Na terça-feira passada, o presidente da Câmara, Rodrigo Maia (DEM-RJ), disse, no evento Empresas Mais do Grupo Estado, que a reforma administrativa pode andar mais rápido do que a tributária. Lideranças empresariais e da Câmara não gostaram.
Poucos dias depois, na sexta-feira, Maia voltou atrás e disse que a reforma tributária continua como prioridade da Câmara. “Não adianta reduzir gastos públicos se não trabalharmos para melhorar a produtividade das empresas”, escreveu no Twitter ao reproduzir reportagem do Estado que mostrava que o governo pode deixar para um segundo momento o envio da proposta de reforma tributária e focar na administrativa e nas medidas de ajuste fiscal para a redução dos gastos obrigatórios.
Empresários procuraram Maia para alertá-lo que não há reforma mais importante para a retomada do que a tributária. O líder do MDB, Baleia Rossi (SP), autor da PEC 45 de reforma tributária na Câmara, também reagiu no Twitter: “A reforma não vai parar”, postou. Ele e o relator da proposta, deputado Aguinaldo Ribeiro (PP-PB), já estão com as negociações avançadas com setores.
No Senado, o presidente da Casa, Davi Alcolumbre (DEM-AP), tem sido pressionado a puxar as propostas mais importantes para lá. A pressão parte, sobretudo, do líder do governo, senador Fernando Bezerra (MDB-PE), e o seu grupo político. A ameaça à área econômica é que vão parar as votações das propostas, se não houver o ingresso dos textos também por lá. Não há acordo para a divisão das propostas mesmo depois de sucessivas tentativas e reuniões para um acerto na “partilha” dos textos. Lideranças do Congresso ouvidas pela coluna afirmam que não vão esperar mais os projetos do governo. O fato é que o ministro da Economia, Paulo Guedes, não está com a sua proposta de reforma tributária pronta. Ele decidiu fatiá-la depois que os rumos foram alterados com a saída do secretário da Receita Federal Marcos Cintra. Nomeada assessora especial, a economista Vanessa Canado foi empoderada para dar nova roupagem ao texto.
Na próxima semana, se não houver desvios no roteiro devido à crise do PSL com o presidente Bolsonaro, o ministro anuncia a reforma administrativa e as medidas que ele tem chamado de “fura teto”. São aquelas que visam a abrir o espaço do teto de gastos (que está em perigo e comprime os investimentos) e diminuem as despesas obrigatórias.
O secretário do Tesouro Nacional, Mansueto Almeida, foi o primeiro a mostrar as prioridades. Ele deixou claro, em palestra nesta semana, que a equipe econômica trata com precedência a reforma administrativa em relação à tributária.
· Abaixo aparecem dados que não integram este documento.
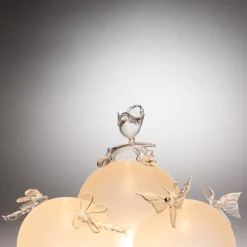 Lampada da Tavolo a LED in Vetro Trilli Farfalle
Responsável pelo ajuste, ele bem sabe que tem tanta coisa para ser resolvida na área fiscal até o fim do ano, inclusive a nova política para o salário mínimo – um dos pontos mais difíceis de serem tratados no Congresso – que o tema vai tomar o pouco que falta do ano.
Mas a reforma tributária é muito urgente e precisa ser feita. Ela não andou ainda tão rapidamente, como se esperava, porque é uma reforma com muitos detalhes e com impactos setoriais diferentes, o que muitas vezes leva a discussões intermináveis. É preciso criar logo a viabilidade política o mais rápido possível para aprová-la.
Velho modelo
Não deu outra. Antes mesmo de enviar a sua proposta de reforma tributária, o governo baixou a MP do Contribuinte Legal que dá até 70% de desconto no total das dívidas que pessoas físicas e empresas têm com a União.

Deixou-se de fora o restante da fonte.